[Assigned task] The answer should hold only the lines from the one containing "Spanish broom" through the one containing "Nahaufnahme des Balance" in the entries below, copied exactly, without pictures.
(Source information Opens)
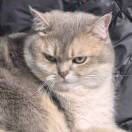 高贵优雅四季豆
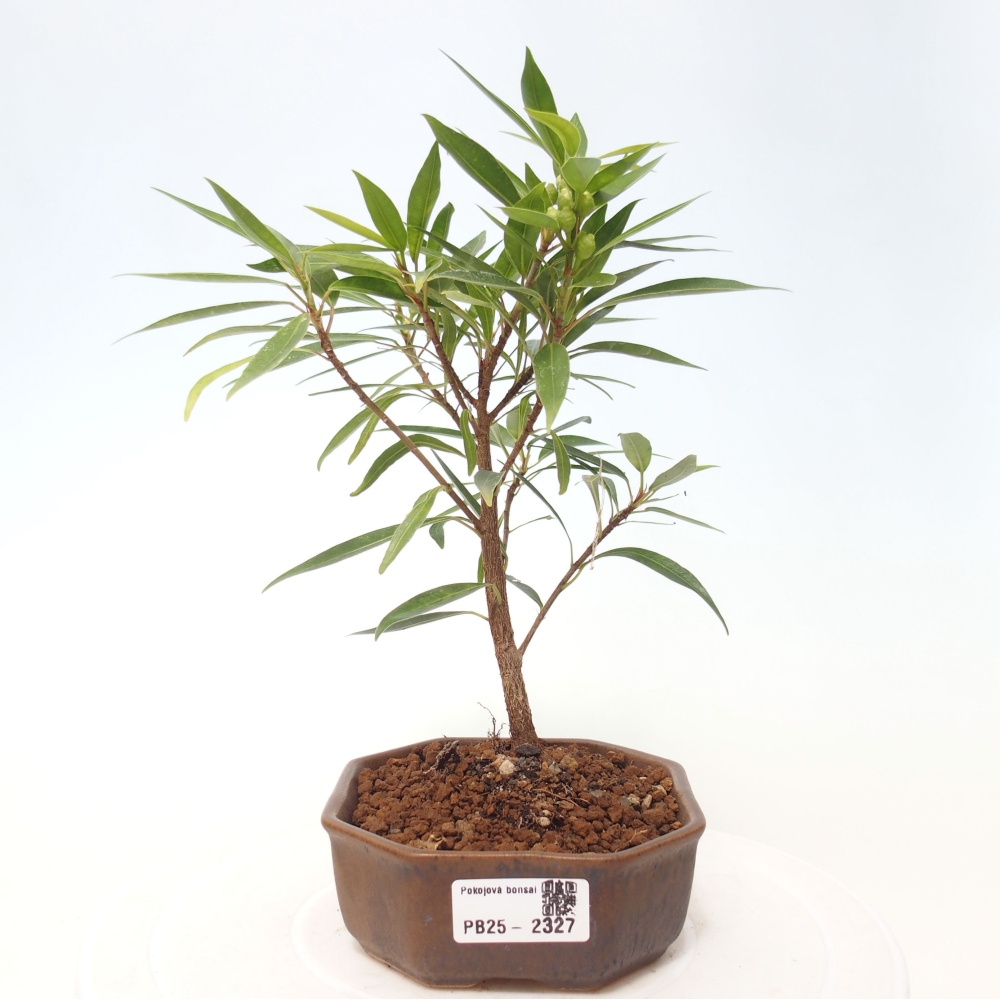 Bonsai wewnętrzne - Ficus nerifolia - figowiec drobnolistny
(Source information Closes)
(Source information Opens)
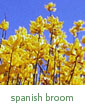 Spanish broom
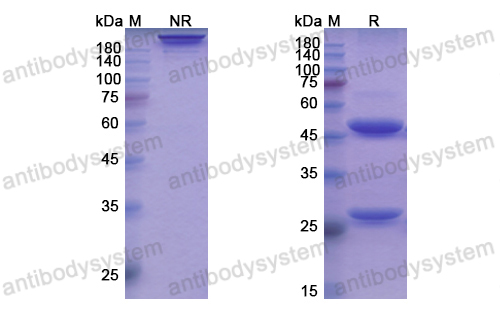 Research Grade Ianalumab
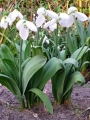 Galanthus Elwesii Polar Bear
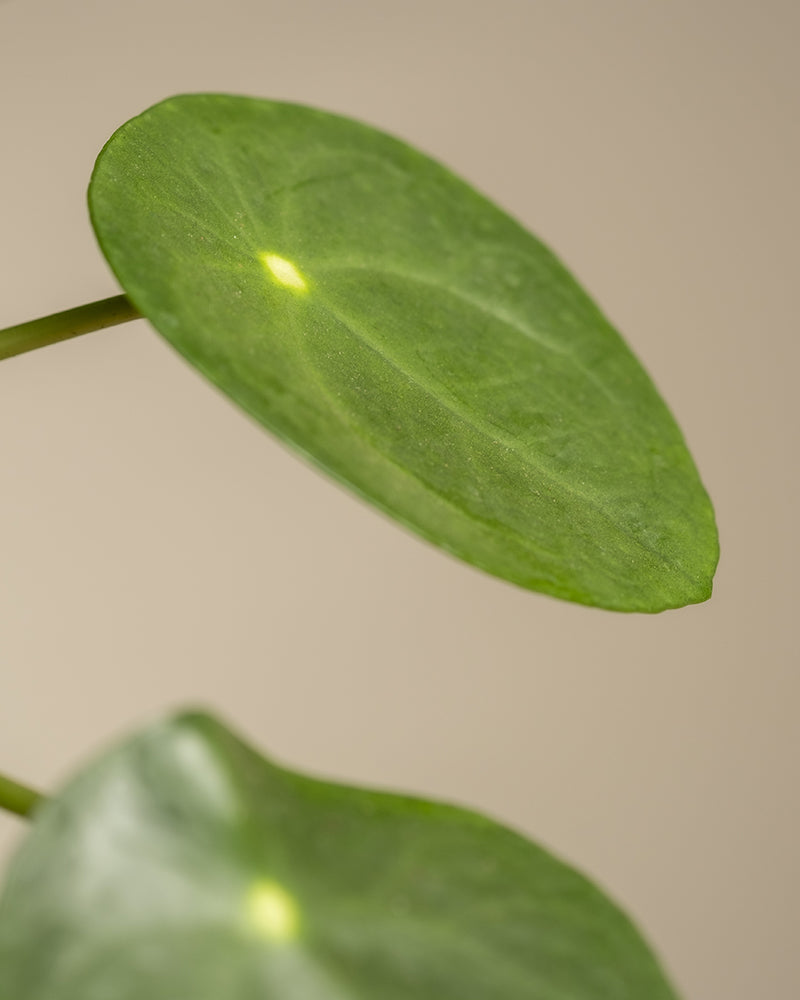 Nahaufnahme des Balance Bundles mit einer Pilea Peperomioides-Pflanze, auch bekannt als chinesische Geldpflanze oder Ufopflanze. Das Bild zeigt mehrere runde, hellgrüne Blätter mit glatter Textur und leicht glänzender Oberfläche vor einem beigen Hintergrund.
(Source information Closes)
(Source information Opens)
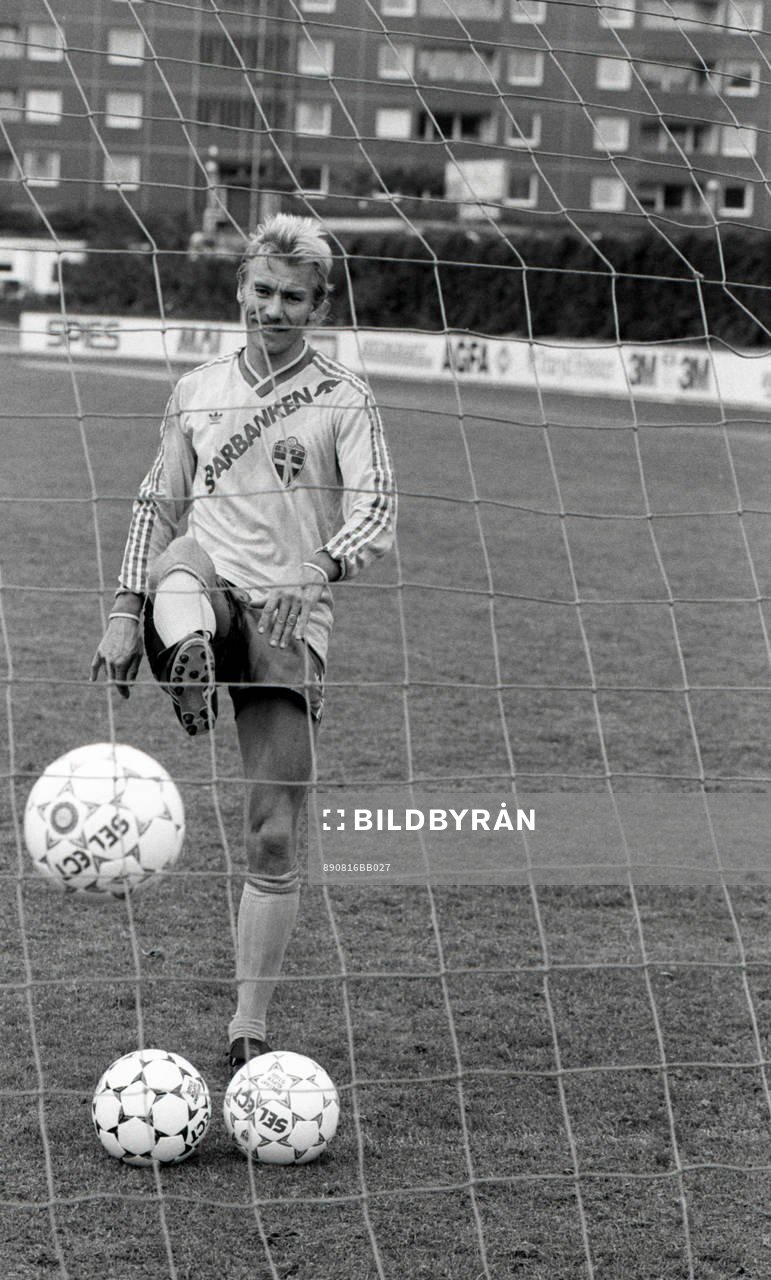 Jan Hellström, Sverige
(Source information Closes)
[Exercise response]
 Spanish broom
 Research Grade Ianalumab
 Galanthus Elwesii Polar Bear
 Nahaufnahme des Balance Bundles mit einer Pilea Peperomioides-Pflanze, auch bekannt als chinesische Geldpflanze oder Ufopflanze. Das Bild zeigt mehrere runde, hellgrüne Blätter mit glatter Textur und leicht glänzender Oberfläche vor einem beigen Hintergrund.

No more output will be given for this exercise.